**Exercise brief:** Your output should be exactly the lines from the one containing "Mopar® - HVAC Temperature Control Panel" through the final line of the following data, please, with no pictures.

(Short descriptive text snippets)
○ ○ ○

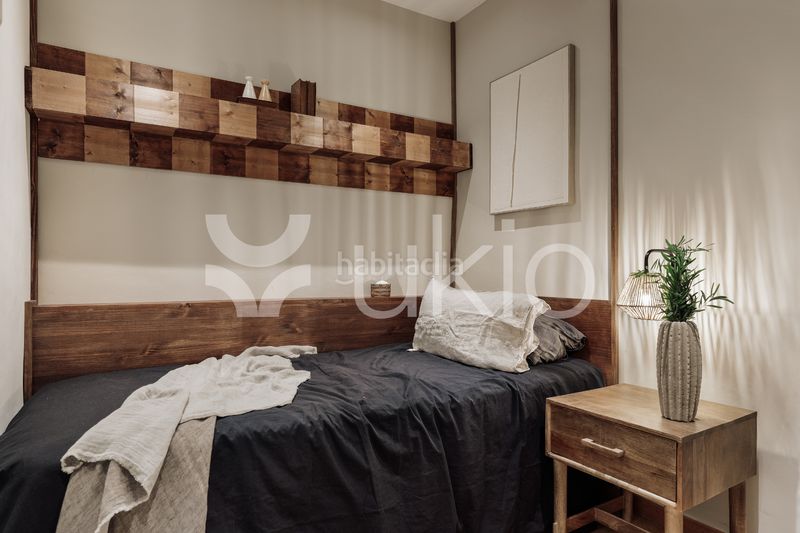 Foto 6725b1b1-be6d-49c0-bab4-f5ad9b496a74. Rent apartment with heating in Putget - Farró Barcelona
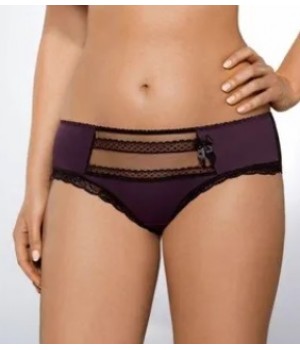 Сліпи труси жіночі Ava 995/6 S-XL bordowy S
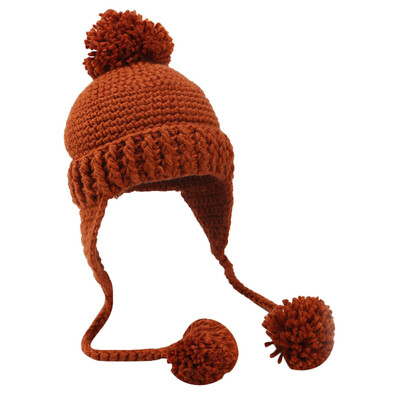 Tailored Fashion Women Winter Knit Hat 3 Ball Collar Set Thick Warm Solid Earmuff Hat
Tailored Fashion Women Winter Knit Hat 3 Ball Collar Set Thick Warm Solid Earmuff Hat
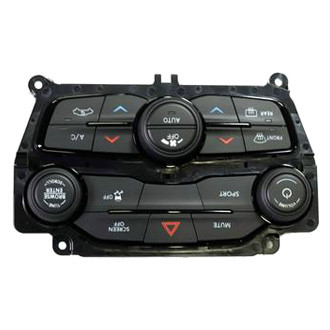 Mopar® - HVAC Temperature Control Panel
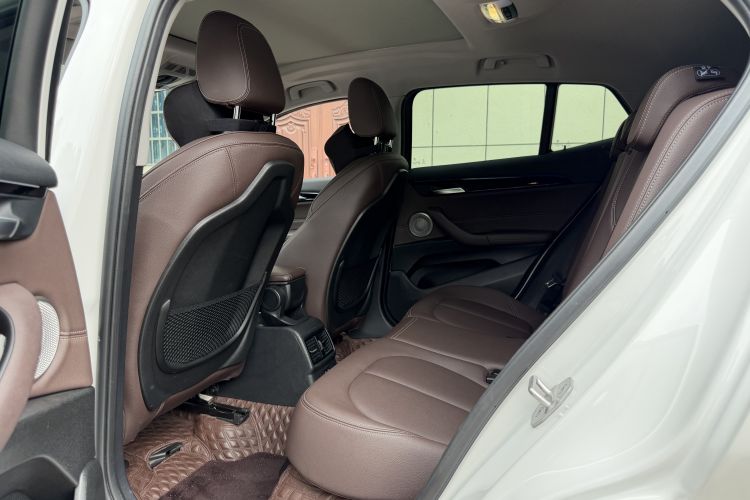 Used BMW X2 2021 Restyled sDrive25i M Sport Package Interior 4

○ ○ ○

**Finished task:**
 Mopar® - HVAC Temperature Control Panel
 Used BMW X2 2021 Restyled sDrive25i M Sport Package Interior 4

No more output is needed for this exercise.